7. Projektleistungen werden nicht konsequent nachverfolgt 📆
Häufig tolerieren Projektleitungen ungenaue oder „oberflächliche“ Leistungsabrechnungen und Zeitnachweisen von Externen aus dem Missverständnis heraus, dass ein kleinliches Kontrollieren als Misstrauen ausgelegt werden könnte. Doch das Gegenteil ist der Fall: gerade wer auf die Leistung von Externen vertraut, sollte ein starkes Interesse an deren Projektbeiträgen und klare Dokumentation der erbrachten Leistung haben.

Wir sagen: Externe Beraterinnen und Berater sind - auch bei gelungener Integration in das Projekt-Team, keine Mitarbeitenden, sondern repräsentieren teuer eingekaufte Expertise. Daher muss es der Anspruch sein, die Tagessätze jeden Tag aufs Neue zu rechtfertigen. Gelingt dies, gelingt auch der Nachweis darüber. Lassen Sie sich klar dokumentieren, wer was wann geleistet hat.

8. Berater werden nicht für ihre Leistung bewertet ⭐
Wenn sich ein Projekt dem Ende neigt, muss es oftmals schnell gehen: Deadlines müssen eingehalten, Produkte auf den Markt gebracht und Ergebnisse mit dem Vorstand geteilt werden. Anschließend wechseln viele Externe mit Ende der Beauftragung zum nächsten Kunden.

Wir sagen: Nehmen Sie sich für den "Ramp-Down" genauso viel Zeit, wie für das Onboarding von externen Mitarbeitenden. Spiegeln Sie die Sorgfalt, mit der Sie das Projekt begonnen haben, mit der notwendigen Aufmerksamkeit, wenn sich das Projekt dem Ende entgegen neigt. Analysieren und bewerten Sie gemeinsam mit Ihren Stakeholdern, welcher externe Beitrag wie qualitativ geeignet war und halten Sie diese Ergebnisse fest.
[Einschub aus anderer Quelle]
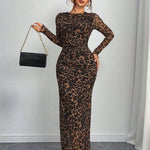 Tatiana | Printed Long-Sleeve Bodycon Maxi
Ziehen Sie zudem die jeweiligen Beraterinnen und Berater in den Feedback-Prozess mit ein und lassen Sie Ihre externen Dienstleister wissen, wie zufrieden Sie mit der erbrachten Leistung waren.
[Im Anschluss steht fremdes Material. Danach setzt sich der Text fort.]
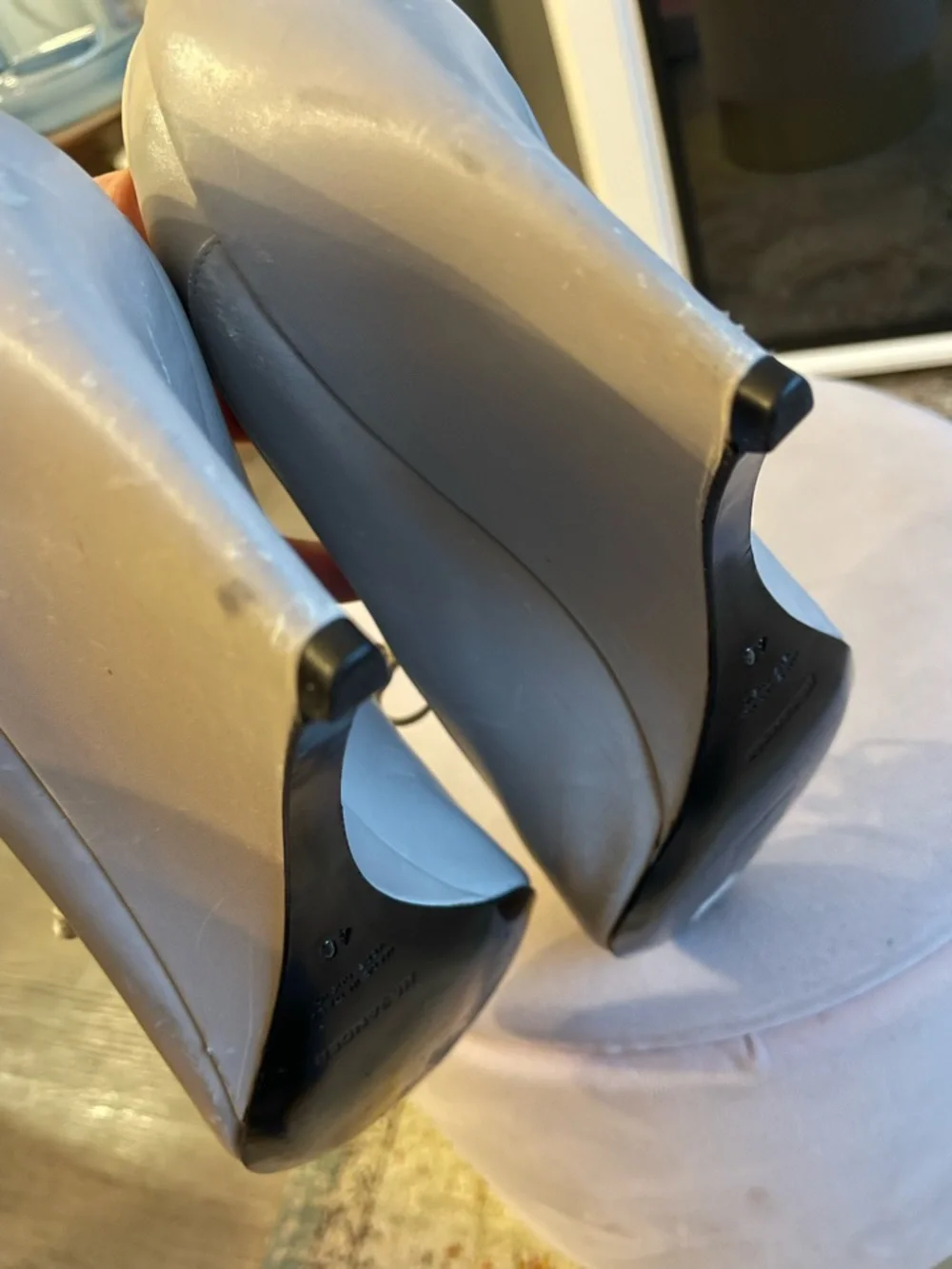 Jil Sander Neutral Beige (Sand) Leather Oxford Wedge Lace-Up Pumps - Picture 9 of 12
9. Projekterkenntnisse werden nicht geteilt 🙅
Die allermeisten Projektresultate werden publiziert: erfolgreicher Projektstart, erfolgreiche Kostensenkung oder neueingeführte Software – doch was genau Ihre Firma als Ganzes über sich als Organisation gelernt hat, darüber gibt es in vielen Firmen keine Kommunikation.

Wir sagen: Suchen Sie daher in den letzten Tagen des Projekts nach einem Weg, diese Erkenntnisse firmenweit zu teilen: per Blog, per Video oder in einem Vortrag („Company TED Talk“).

10. Projekterkenntnisse haben keine Konsequenzen im Einkauf 📢
Ein weiterer Fehler, der leicht passiert: Ihre Organisation zieht aus dem Gelernten zwar Schlüsse, setzt diese Erkenntnisse aber nicht im Sourcing von Beratungsleistungen um.

Wir sagen: Werten Sie den Projektabschluss auf und lassen neben kommerziellen Aspekten auch die fachlichen Erkenntnisse eines Projekts in die nächste Ausschreibung mit einfließen: Sorgfältiger Ramp-Down, Teilen der gewonnen Erkenntnisse und Skizzierung eines kleinen Projekts, um die Erkenntnis umzusetzen. Schließlich gilt folgender Grundsatz: nach dem Projekt – ist vor dem Projekt und mögliche Fehler werden bei der nächsten Ausschreibung von Beratungsleistungen garantiert vermieden.